In [1]:
import csv
import fastText
import nltk
import os
import pandas as pd
import string

nltk.download("stopwords")

from nltk.corpus import stopwords
from nltk.stem import PorterStemmer

[nltk_data] Downloading package stopwords to /home/ano/nltk_data...
[nltk_data]   Package stopwords is already up-to-date!


Setting and defining file paths.
Like setting it up for the input directory from where the input files can be read from, the output directory where the processed files can be stored.
Setting model path for the classifier.

In [2]:
INPUT_DIR = 'data/input_csv/'
OUTPUT_DIR = 'data/preprocessed_csv'
MODEL_PATH = 'model/model_ted.bin'
TRAIN_FILE_PATH = 'data/ted.train'
VALIDATION_FILE_PATH = 'data/ted.valid'

INPUT_FILES = list(map(
    lambda file: os.path.join(INPUT_DIR, file), os.listdir(INPUT_DIR)
))
OUTPUT_FILE = os.path.join(OUTPUT_DIR, 'ted-new.txt')

In [3]:
def data_stemming(data):
    """Perform porter stemming.

    eg:
    "python","pythoner","pythoning","pythoned" will be reduced to "python"
    """
    stemmer = PorterStemmer()

    stemmed_val = data.apply(
        lambda x: ' '.join([stemmer.stem(item) for item in x.split()]))

    return stemmed_val


def data_cleaning(data):
    """Perform punctuation removal and stopwords removal."""
    data = data.str.replace('[{}]'.format(string.punctuation), '')

    stop = stopwords.words('english')

    data = data.apply(lambda x: ' '.join(
        [item.lower() for item in x.split() if item not in stop]))
    data = data_stemming(data)

    return data


def csv_reader():
    """Read input files.

    - prepare output path for respective files.
    - perform punctuation removal.
    - perform stopwords removal.
    - perform stemming for better word matching.
    """
    for file in INPUT_FILES:
        if file != 'data/input_csv/.ipynb_checkpoints':
            output_path = os.path.join(
                OUTPUT_DIR,
                '-'.join(['processed', file.split('/')[-1]])
            )

            # read input file as df
            df = pd.read_csv(file, engine='python')

            df['title'] = data_cleaning(df['title'])

            df.to_csv(output_path, index=False)


csv_reader()

Function to process the csv columnar format to fasttext recognizable format.

In [4]:
def data_to_fasttext():
    """Convert data from input_csv format to fasttext_code format.

    =======
    input_csv:
    =======
    tags            title
    python, os      this problem is crashing my python shell.

    ========
    fasttxt:
    ========
    __label__python __label__os this problem is crashing my python shell.
    """
    final_data_string = ''

    for file in INPUT_FILES:
        if file != 'data/input_csv/.ipynb_checkpoints':
            with open(file) as csvfile:
                file_obj = csv.DictReader(csvfile, delimiter=',')

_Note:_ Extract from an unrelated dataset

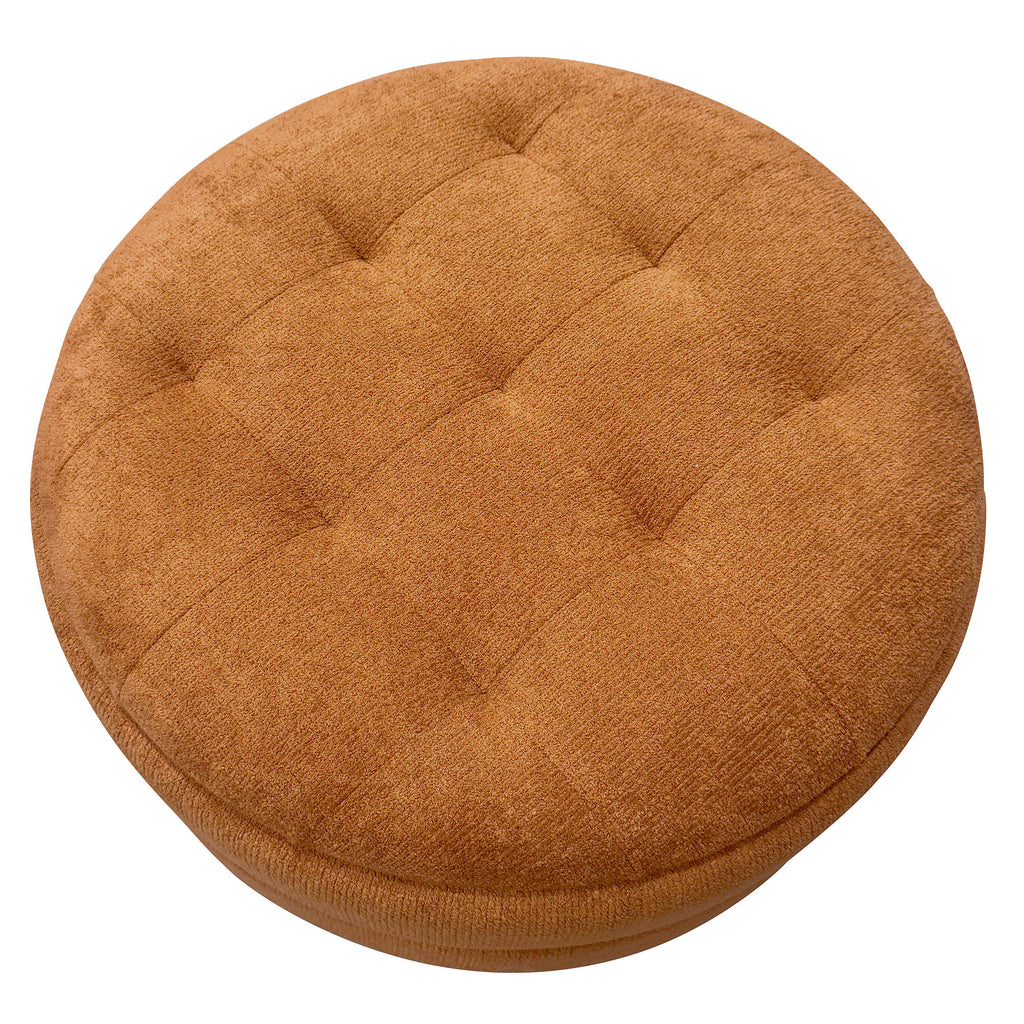 Kepler Round Storage Ottoman (Rust)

                for line in file_obj:
                    labels = ' '.join(
                        list(map(
                            lambda tag: '__label__' + tag, line['tags'].strip('[').strip(']').split(','))
                        ))
                    labels = labels + ' ' + line['title'] + '\n'

                    # write resulting one data line to final_data_string
                    final_data_string += labels

    # save resulting string to a text file
    with open(OUTPUT_FILE, 'w') as f:
        f.write(final_data_string)
        
data_to_fasttext()

Fasttext implementation for predicting actual text contents.

In [5]:
class ImplementFastText:
    """Interface to fastText library.

    args:


    - load existing model
    - predict tags
    - calculate test scores

    """

    def __init__(self):
        """Init class vars."""
        self.model = ''
        self.precision = 0.0
        self.recall = 0.0
        self.f_score = 0.0

    def load_model(self):
        """Load pre-trained model."""
        self.model = fastText.load_model(MODEL_PATH)

    def score(self):
        """Get classification scores."""
        self.model_score = self.model.test(VALIDATION_FILE_PATH)

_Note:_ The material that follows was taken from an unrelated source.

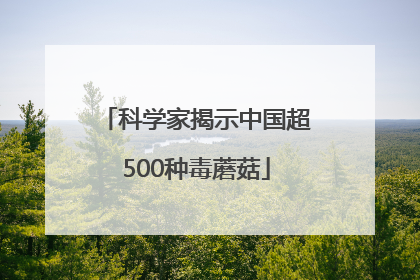 科学家揭示中国超500种毒蘑菇
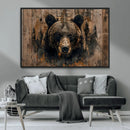 Rustic Grizzly 399 Wall Art | Triptych Canvas Print | Rustic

        num_samples = self.model_score[0]
        self.precision = self.model_score[1]
        self.recall = self.model_score[2]

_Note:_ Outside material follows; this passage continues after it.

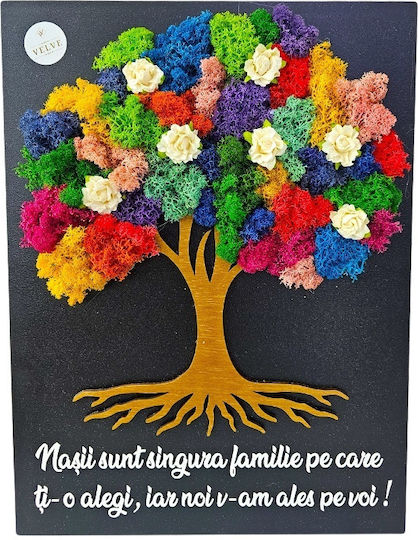 Dekoratives Gemälde Baum Leben Mehrfarbige Natürliche Flechten Botschaft Paten 30x40 cm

        self.f_score = 2 * ((self.precision * self.recall) /
                            (self.precision + self.recall))

        return {
            'num_samples': num_samples,
            'precision': round(self.precision, 3),
            'recall': round(self.recall, 3),
            'f_score': round(self.f_score, 3)
        }

    def predict(self, question, num_tags=5):
        """Get predicted tags with probability scores."""
        self.result = self.model.predict(question, k=num_tags)

        tags = list(map(
            lambda tag: tag.replace('__label__', ''), self.result[0][0]))
        probability_score = list(map(
            lambda score: round(score, 3), self.result[1][0]))

        predicted_tags = dict(zip(tags, probability_score))
        predicted_tags.pop('')

        return predicted_tags

In [6]:
def get_predictions(question, no_of_tags):
    """Get predicted tags and score of the models.

    By already loading the trained model and invoking fasttext methods.
    """
    ft_obj = ImplementFastText()
    ft_obj.load_model()
    result = ft_obj.predict([question], num_tags=no_of_tags)
    score = ft_obj.score()

    return result, score

In [9]:
get_predictions('Initiating a motivational talk', 7)

({"'business'": 0.041,
  "'entertainment'": 0.023,
  "'children'": 0.012,
  "'data'": 0.009,
  "'activism'": 0.009,
  "'communication'": 0.006},
 {'num_samples': 550, 'precision': 1.0, 'recall': 0.085, 'f_score': 0.157})